Captioned web images
BEGIN

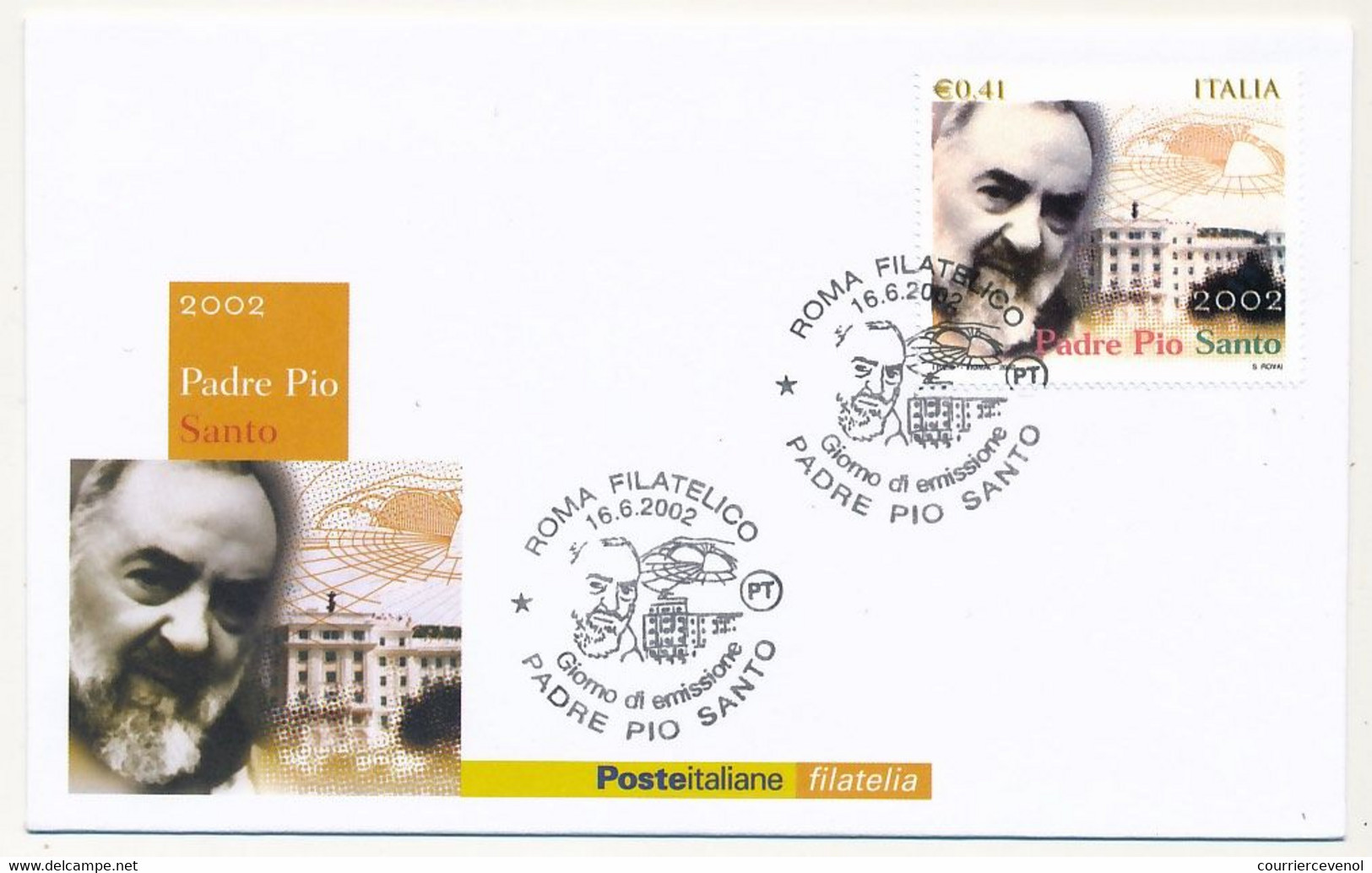 ITALIE - Env FDC - 0,41e Padre Pio Santo - Roma Filatelico - 16/6/2002 - FDC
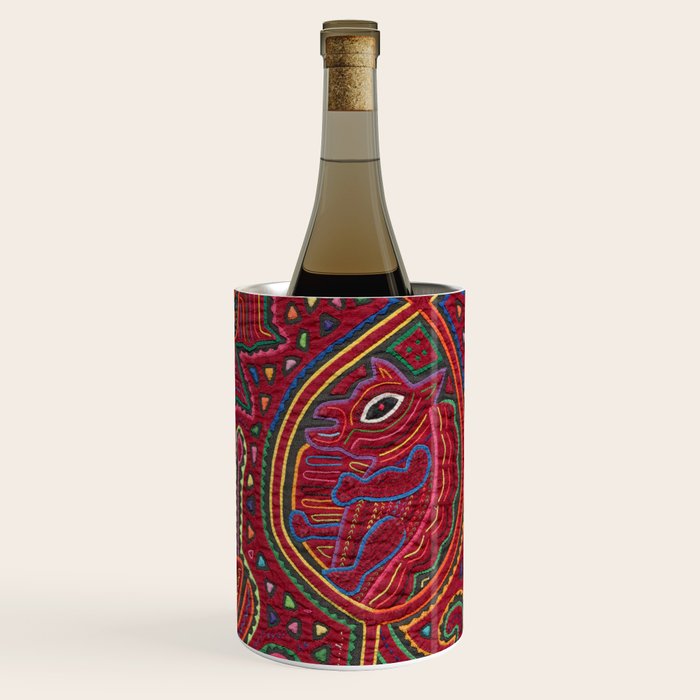 Vintage Bird and Flower Mola Textile Wine Chiller Gallery Image 3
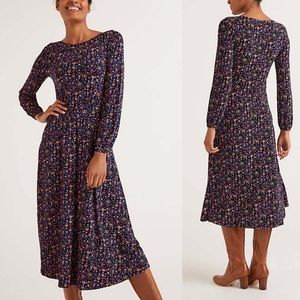 Boden Boden | Navy Crown Ditsy Sasha Pocket Long-Sleeve Dress Size 12 Long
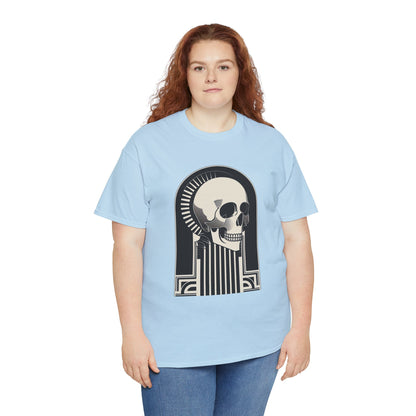 Art Deco Skull Unisex Heavy Cotton Tee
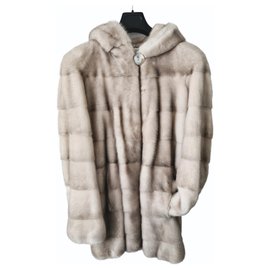 Autre Marque Abrigo de visón beige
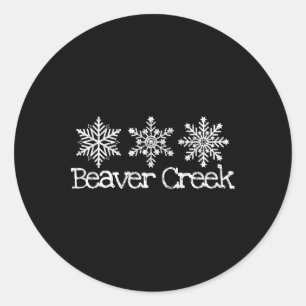 Pegatina Redonda Beaver Creek Colorado Skier Esquí Snowflakes Ski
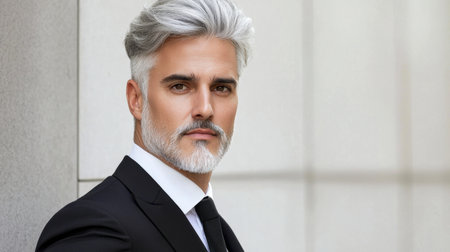 A confident mature man with gray hair and a well-groomed beard poses in a formal suit. His serious expression and stylish look capture sophistication and professionalism.の素材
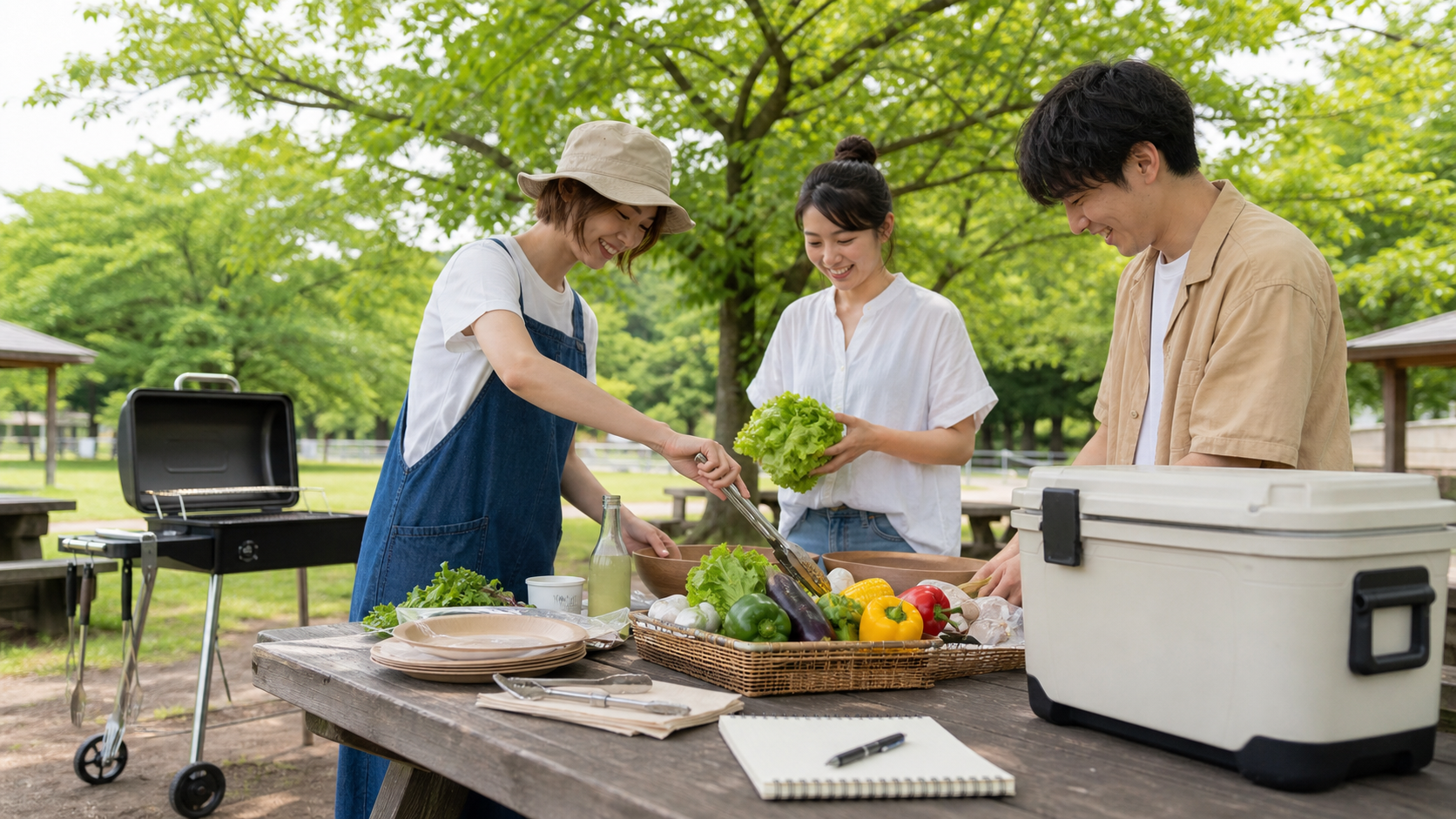 週末BBQ準備で食材や道具を並べる友人たち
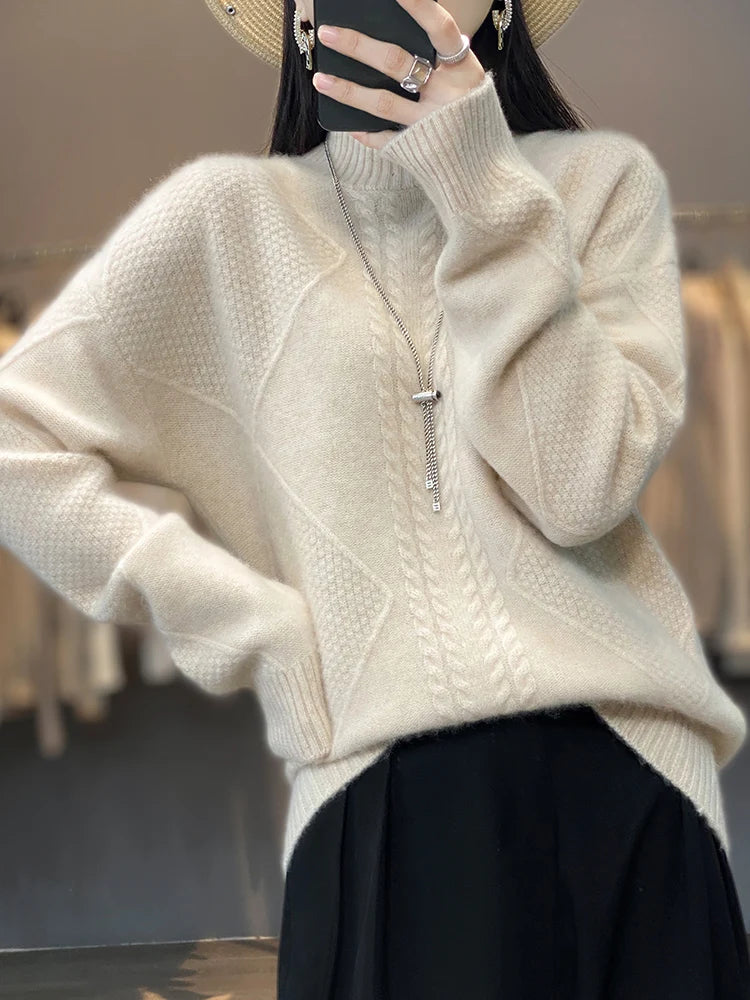 Pull col montant élégant pour femme | Élissa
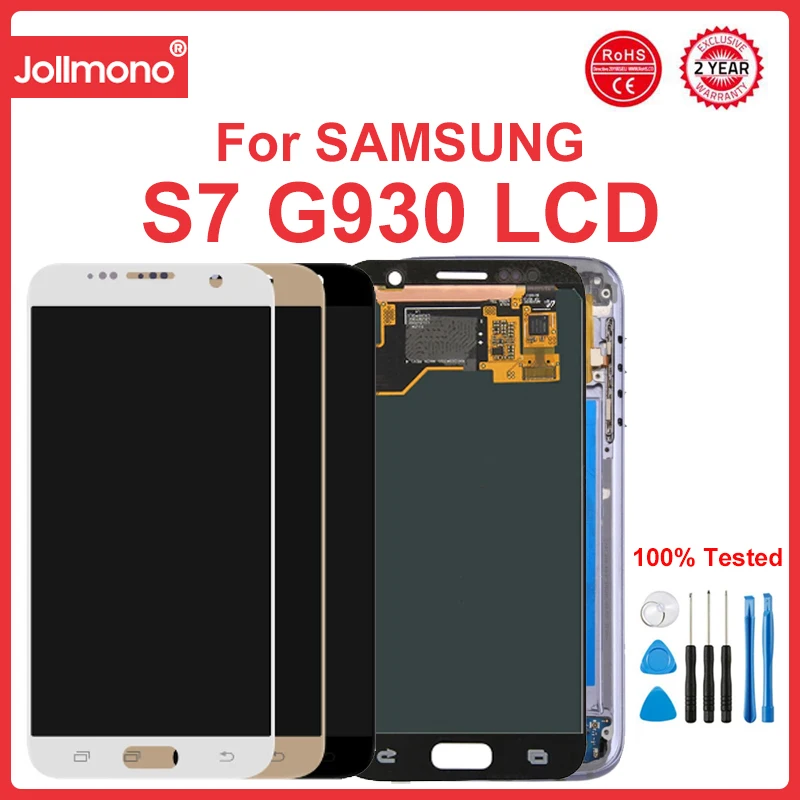 

Super AMOLED S7 Display Screen, for Samsung Galaxy S7 G930 G930F G930FD Lcd Display Digital Touch Screen with Frame Replacement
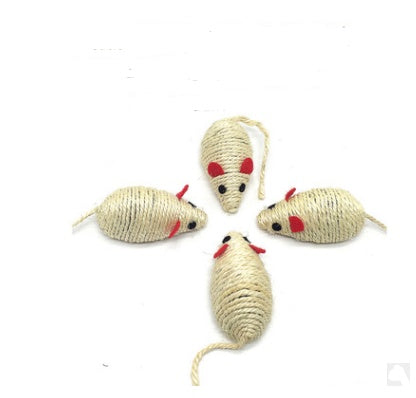 JMT-550538 Solid Wood Cat Stick Toy with Hemp, Feather Rope, and Bell - Handmade Cat Plaything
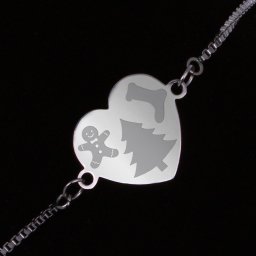 Bratara Gravata Argintie din Inox Inima Simboluri de Sarbatoare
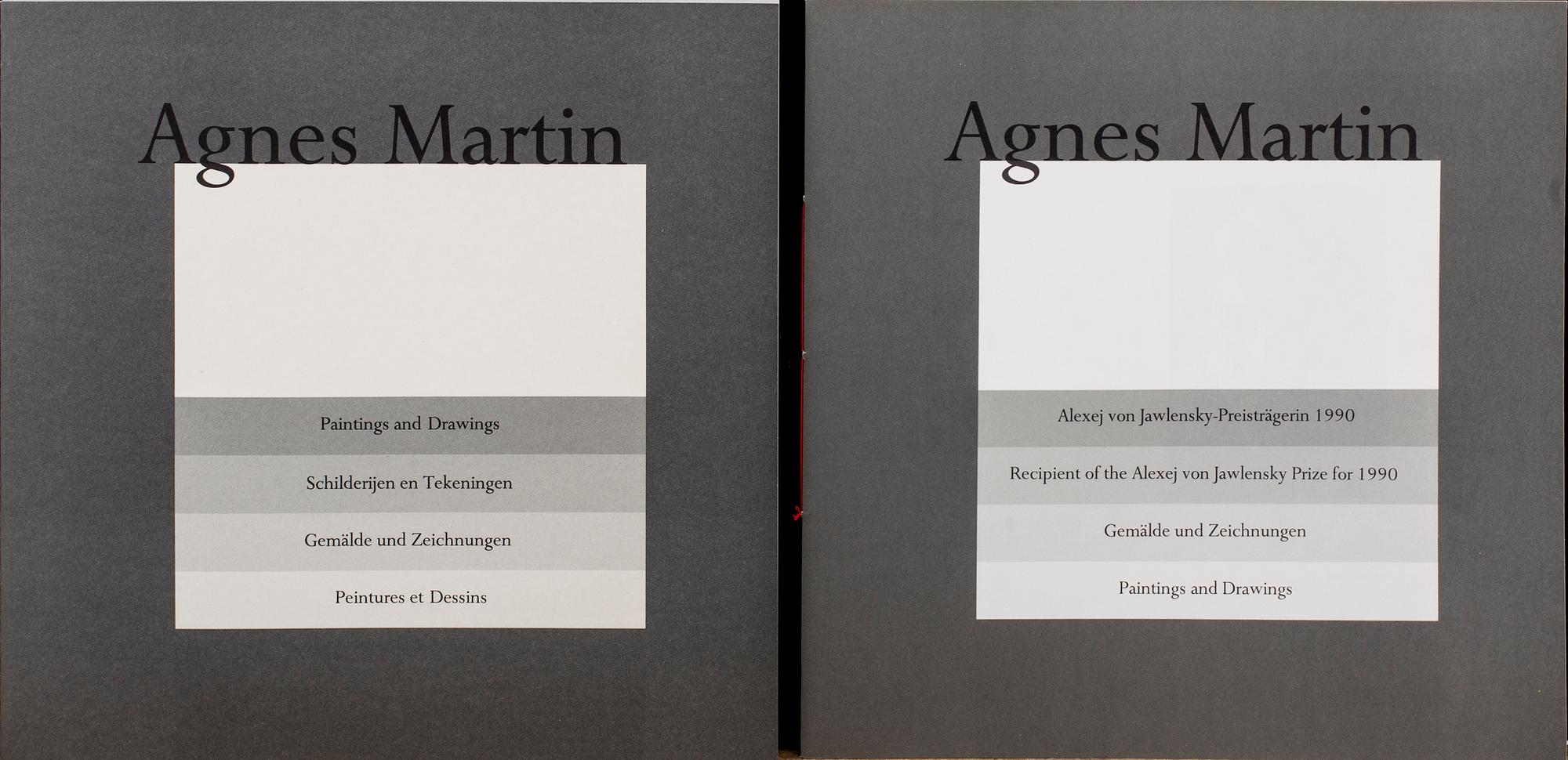 AGNES MARTIN. Paintings and drawings : Stedelijk Museum Portfolio (10 lithographs). 1990.
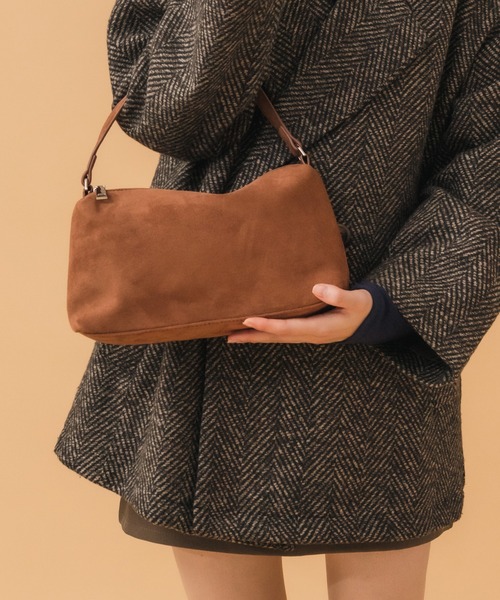 セール】ワンハンドルスエードショルダーバッグ / 秋 スウェード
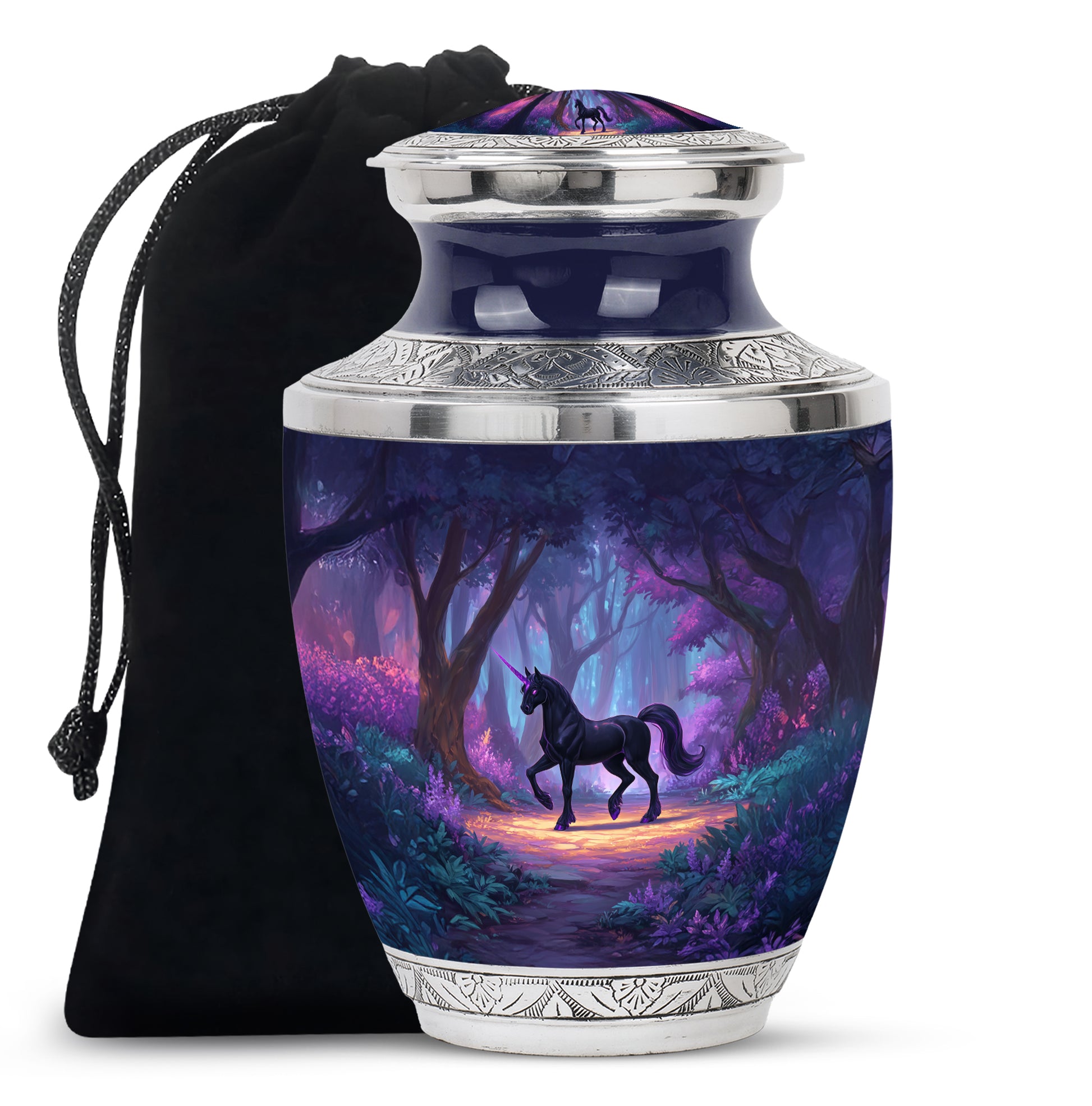 Black Unicorn Cremation Urn - Forest Memorial Urn For Male & Female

END

Required action: Do not include images; quote all of the entries above exactly.

Exercise solution:
 ITALIE - Env FDC - 0,41e Padre Pio Santo - Roma Filatelico - 16/6/2002 - FDC
 Vintage Bird and Flower Mola Textile Wine Chiller Gallery Image 3
 Boden Boden | Navy Crown Ditsy Sasha Pocket Long-Sleeve Dress Size 12 Long
 Art Deco Skull Unisex Heavy Cotton Tee
 Autre Marque Abrigo de visón beige
 Pegatina Redonda Beaver Creek Colorado Skier Esquí Snowflakes Ski
 A confident mature man with gray hair and a well-groomed beard poses in a formal suit. His serious expression and stylish look capture sophistication and professionalism.の素材
 週末BBQ準備で食材や道具を並べる友人たち
 Pull col montant élégant pour femme | Élissa

Super AMOLED S7 Display Screen, for Samsung Galaxy S7 G930 G930F G930FD Lcd Display Digital Touch Screen with Frame Replacement
 JMT-550538 Solid Wood Cat Stick Toy with Hemp, Feather Rope, and Bell - Handmade Cat Plaything
 Bratara Gravata Argintie din Inox Inima Simboluri de Sarbatoare
 AGNES MARTIN. Paintings and drawings : Stedelijk Museum Portfolio (10 lithographs). 1990.
 セール】ワンハンドルスエードショルダーバッグ / 秋 スウェード
 Black Unicorn Cremation Urn - Forest Memorial Urn For Male & Female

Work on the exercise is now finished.